Americans certainly aren't strangers to student debt. The average Class of 2016 graduate came away $37,172 in the hole, up 6% from the previous year, and across all age groups, Americans owe close to $1.3 trillion in total outstanding loans. But it's not just 20- and 30-somethings who continue to walk around saddled with student debt. According to a new report from the Government Accountability Office, the number of people 60 and over with student debt jumped from 700,000 back in 2005 to 2.8 million in 2015.

Not only do more older Americans continue to carry debt, but they owe more money than they did a decade prior. Among borrowers 60 and over, the average amount of student debt almost doubled from $12,100 back in 2005 to $23,500 in 2015. All in all, Americans 60 and older owe an estimated $66.7 billion in outstanding student loan debt, and while many seniors struggle to consistently make those payments, those who don't manage to keep up could face an unexpected penalty: reduced Social Security benefits.

Senior citizens worried about bills

Image source: Getty Images.

The consequences of unpaid student loans

Student loans are among the toughest type of debt to shake. Unlike other forms of debt, student loans can't typically be discharged in bankruptcy.

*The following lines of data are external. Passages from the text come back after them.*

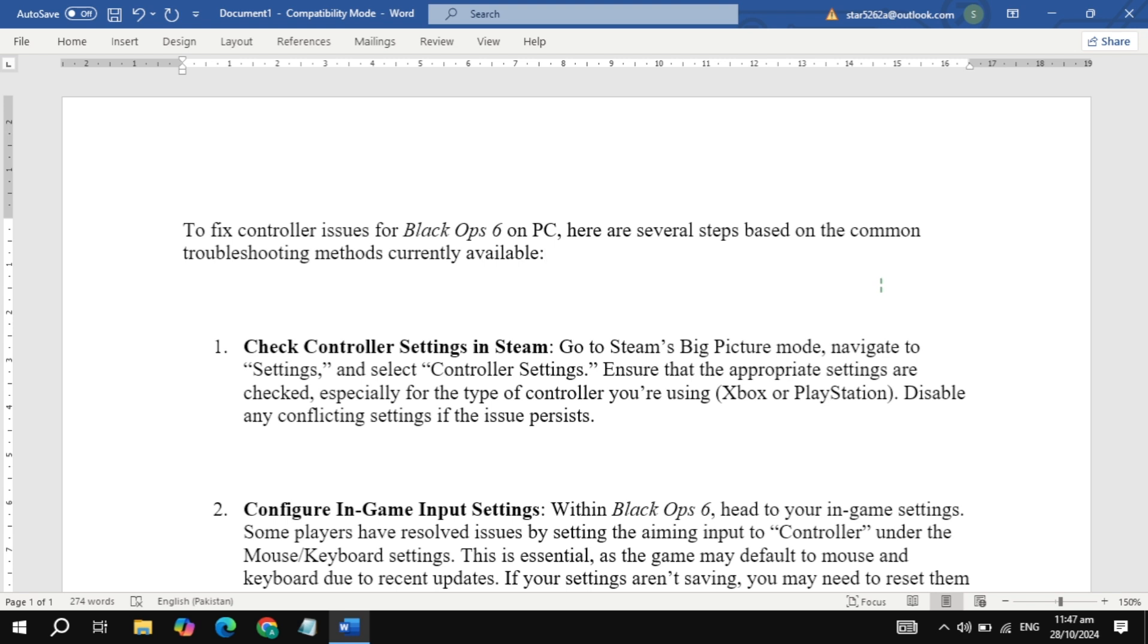Adjust controller settings in Steam. Start by opening Steam in Big Picture mode. Head to Settings, then Controller Settings. Make sure the configuration that matches your controller type—whether it's Xbox, PlayStation, or something else—is checked. If it seems like some options are conflicting, try unchecking them and restarting the game.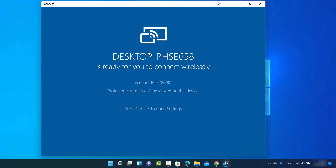Now you can use the Connect app to connect any device to your Windows operating system wirelessly. That's how you can fix the Connect app missing problem on Windows 11. I hope you've enjoyed this video and I'll see you in the next one.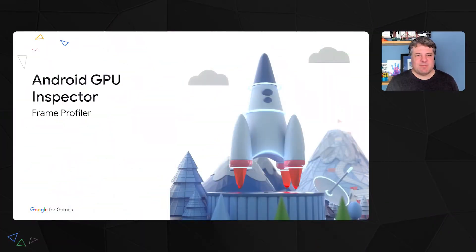Welcome to the Android GPU Inspector session. My name is Pascal and I'm a software engineer in Android games and graphics. Today, I'd like to introduce you to Android GPU Inspector's Frame Profiler. Android GPU Inspector, or AGI for short, is Android's graphics profiling tool we have been working on for the past few years.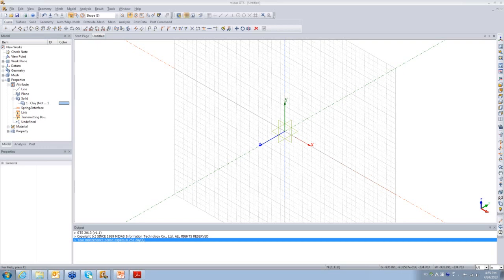A question came in: how many finite elements can you create? You can have as many mesh elements as you want — for solid, plate, or line elements — with no set limitation. However, the more elements you create, the heavier the model becomes and the longer the analysis takes to run.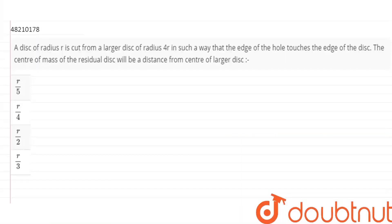The question is: A disk of radius R is cut from a larger disk of radius 4R in such a way that the area of the hole touches the edge of the disk. The center of mass of the residual disk will be at a distance from the center of the larger disk. Basically, we will find out the distance of the center of mass.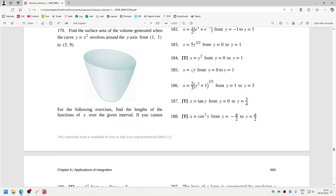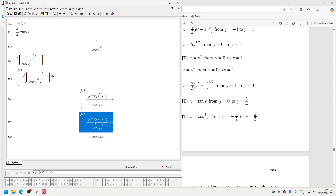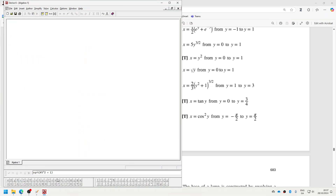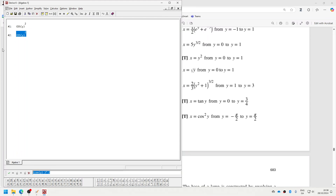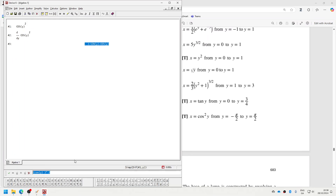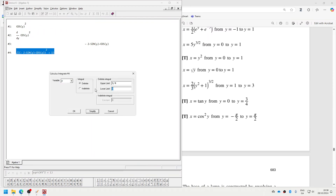Next one now: cos y squared. Let me just make sure we've got our square in that curve back in place. Let's differentiate that and then calculate the square root of that squared plus one, and integrate that from minus pi over two to pi over two.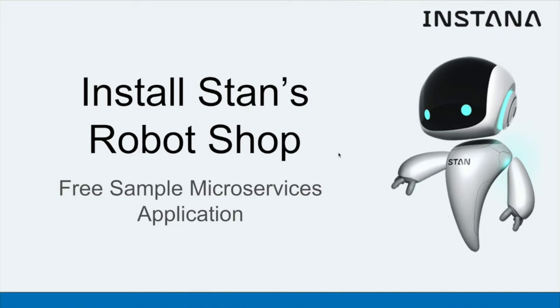In this tutorial I'll take you through installing Stan's Robot Shop. This is a free sample microservices application that you can use for exploring the whole world of microservices and Kubernetes and of course installing the Instana agent against it.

But failing to make student loan payments won't just damage your credit; it could also impact your Social Security benefits.

In 2015, an estimated 173,000 Americans had their benefits reduced as a result of having defaulted on their student loans. Back in 2002, only 36,000 Americans were similarly penalized. In fact, over the past decade, a good 67,000 seniors have had their Social Security payments garnished to the point where they've ended up well below the poverty line.

Part of the problem stems from the fact that the threshold for Social Security garnishments, which was set in 1998, has not since been adjusted for inflation. Given that Social Security serves as the sole source of income for roughly 25% of seniors 65 and older, having benefits garnished is a dangerous repercussion to face. Raising that threshold could prevent countless seniors from meeting a similar fate going forward, but without Congress stepping in, that's not likely to happen.

To add a bit of insult to injury, garnishing Social Security payments has proven to be rather ineffective in collecting outstanding student debt. Over 33% of older Americans were found to remain in default on their student loans even after two years of reduced benefits. But until another solution is found, seniors who can't pay their student debt will continue to face the very frightening prospect of garnishment.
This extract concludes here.